Here's one, here's one here!
Oh, careful he's going to bite you!
They're sharp, those things.
Can you get him?
Here's one here.
Look at that, the size of them.
And what do they do? Boil them, grill them?
Barbecue first and then make a dipping sauce.
Hey, another one.
Oh, you're good.
They're like large beetles.
Oh, man!
What was that?
What was that?
A beetle.
Man, they're fast, these little bugs are.
Frog! Mr. Ten!
Bloody hell.
Look at him, huh, he's beautiful.
Is he too small to eat?
Too small?
While Mr. Ten takes the toe biters back to the kitchen
Me in that one?
- Yes. - Oh man, really?
His sons take me out on the river.
Now at 210 pounds I just hope I don't sink this thing.
The Mekong is the second most bio-diverse river in the world.
It's full of fish that I failed to net,
but it's also filled with delicious snails.

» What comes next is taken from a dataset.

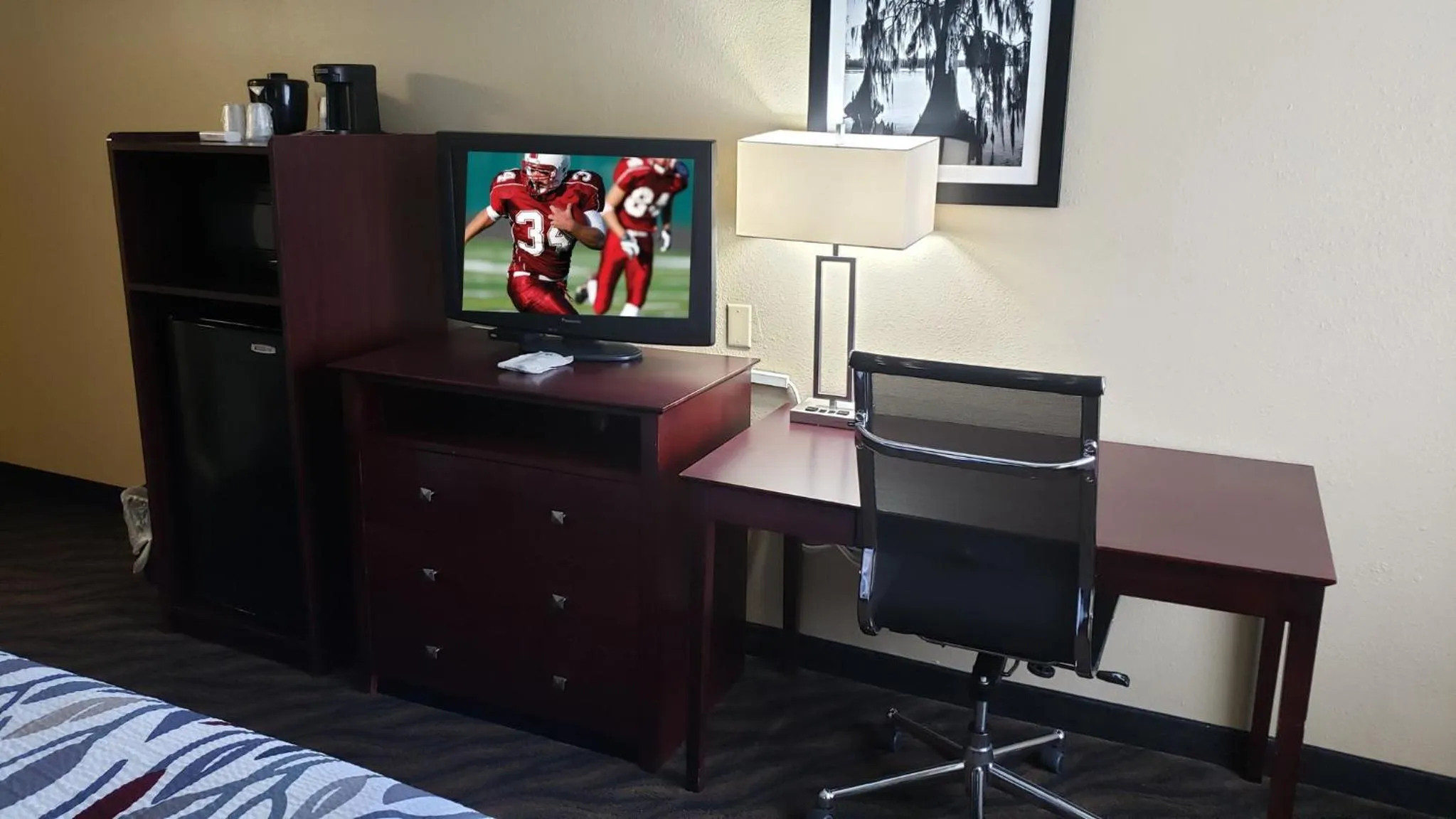 Photo of the whole room in Red Roof Inn Port Allen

Finally, prey I'm fast enough to catch!
This place is beautiful.
So, where are they?
- Underneath the weeds? - Underneath, yeah.
- Okay, great. Let's go! - I'm not going!

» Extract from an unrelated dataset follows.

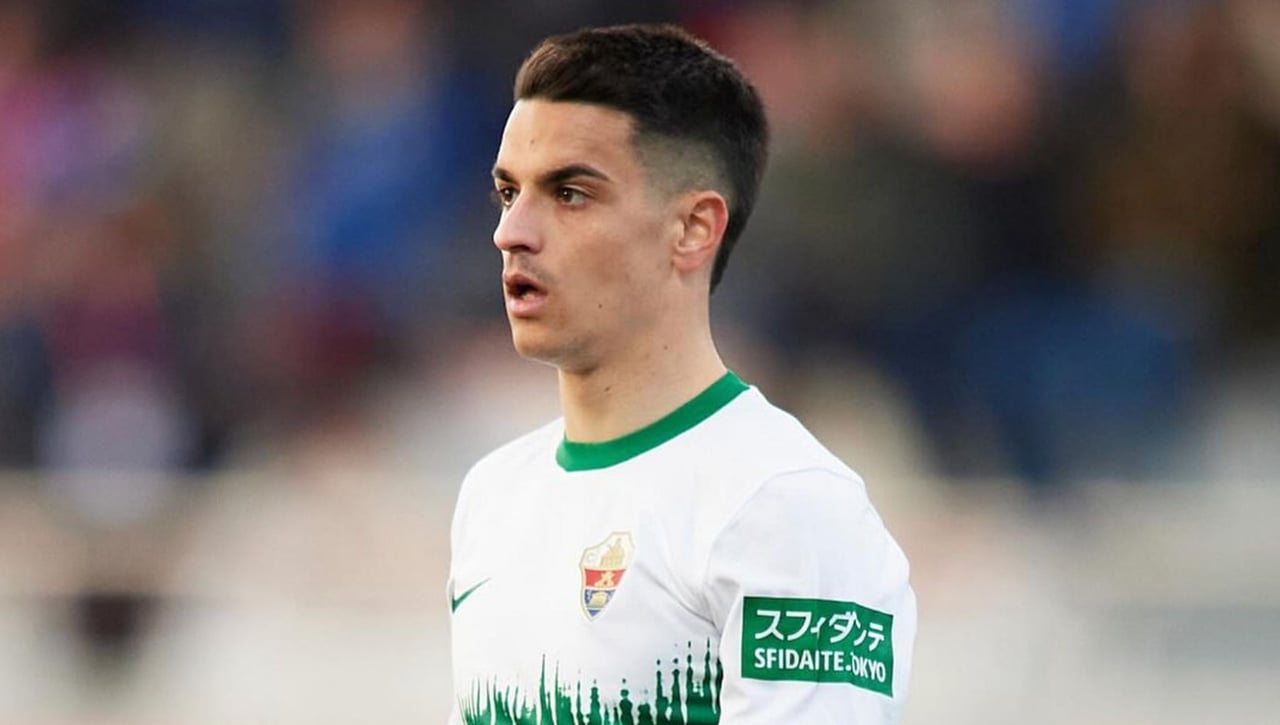 Rescinde con el Zaragoza, rechaza al Dépor y se marcha al Sporting de Gijón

- You're not going? - No, I'm staying here.
- Why? - Just in case I have to rescue you.
In case you have to what?
Rescue you!
Rescue me?
- Yes. - Woo, that's fresh.
It's a strong current.
In these strong currents
I look less like Michael Phelps
and more like Michael Palin.
It's a lot harder than you think, right?
It is, it is.
It's not easy to put food on the table in this country.
Caught one!
Oh, well done.
Look at those.
How are you getting so many in one hand?
Further in front.
Got another one.
- Oh, what's that? Is it a clam? - It looks like a clam.
A clam, yeah. Wow, well done.
This is going to take me all bloody day!
I mean, just look at that, they're small.

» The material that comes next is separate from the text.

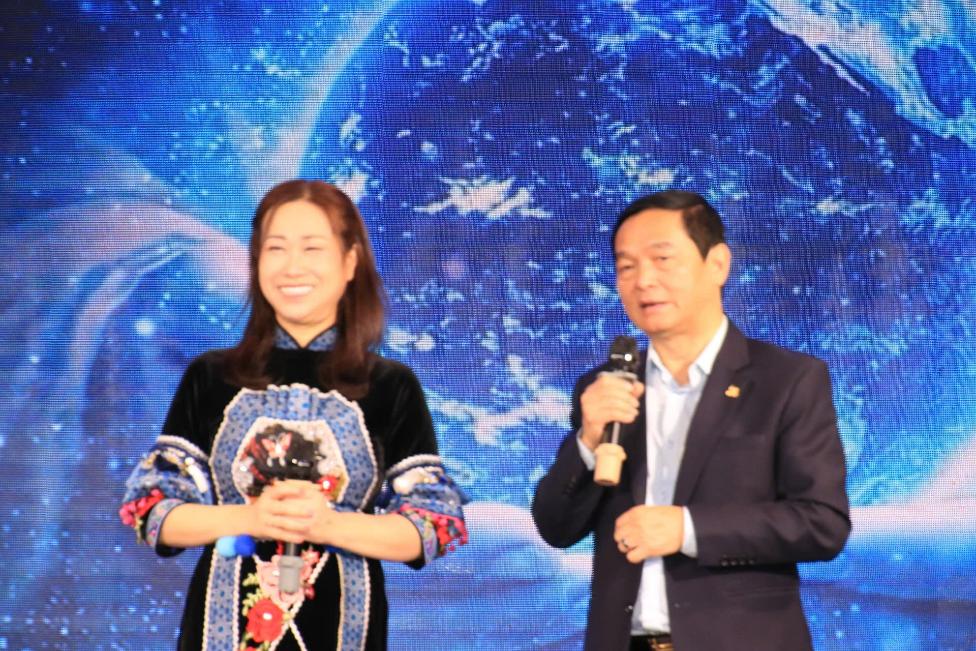 A person and person standing on a stage  AI-generated content may be incorrect.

Let's just hope they're tasty.
I've done over 500 dives,
that dive was one of the most difficult
because you can't dive in a meter and a half of water
when you've got a current that strong.
After a hard day's graft,
Mr. Ten and his family teach me
how they cook toe biters using traditional bamboo skewers.
And then through.
How many times a week would you eat these?
Once a week?
Once a week, yeah.
So it's regarded as a delicacy?
Yes. Turn it up.
So you grill them over the charcoal?
- Yes. - Amazing.
- Remove the wing. - Right.
Just that?
Here we go.
Crunchy, chewy.
That actually tastes almost like a,
sort of the inside of a lobster carcass.
It's very sweet. That's delicious. Really good.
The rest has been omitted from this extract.